Document Type

Theses, Ph.D

Rights

Available under a Creative Commons Attribution Non-Commercial Share Alike 4.0 International Licence

Disciplines

Arts, Performing arts studies, Musicology

Publication Details

Thesis submitted for the degree of Ph.D.to the Technological University Dublin, February 2012.

Abstract

This thesis examines and analyses the contents of the Mercer’s Hospital Music Collection. The collection includes fifty manuscript and seven printed volumes of
music containing works by Handel, Greene, Boyce, Purcell, Corelli, Humfrey, Avison, Barsanti, Stanley and Festing. Selected works were performed at the Mercer’s Hospital benefit concerts, established in April 1736 to provide important financial support to the
hospital, which opened on Stephen Street, Dublin in 1734. Mercer’s was the first voluntary Dublin hospital to initiate a series of benefit concerts. The Mercer’s benefit concerts attracted the participation of a wide range of Dublin-based performers, both singers and instrumentalists. The surviving contents of the hospital’s eighteenth century music collection raise several questions in terms of source studies.
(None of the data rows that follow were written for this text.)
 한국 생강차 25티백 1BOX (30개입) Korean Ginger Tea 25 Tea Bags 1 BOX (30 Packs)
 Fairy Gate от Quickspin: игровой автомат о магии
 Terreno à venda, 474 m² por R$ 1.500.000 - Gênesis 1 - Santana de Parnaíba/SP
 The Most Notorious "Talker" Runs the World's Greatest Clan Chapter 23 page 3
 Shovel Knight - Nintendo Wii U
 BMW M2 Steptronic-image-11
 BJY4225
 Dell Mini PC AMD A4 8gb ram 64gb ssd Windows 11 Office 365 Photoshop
The
Mercer’s Hospital Music Collection is one of the most significant eighteenth-century music collections surviving in Ireland and its examination reveals important information about musical life and performance practice in eighteenth-century Dublin, setting the contents of the collection within the wider context of extant sources for works by George Frideric Handel, Maurice Greene and William Boyce.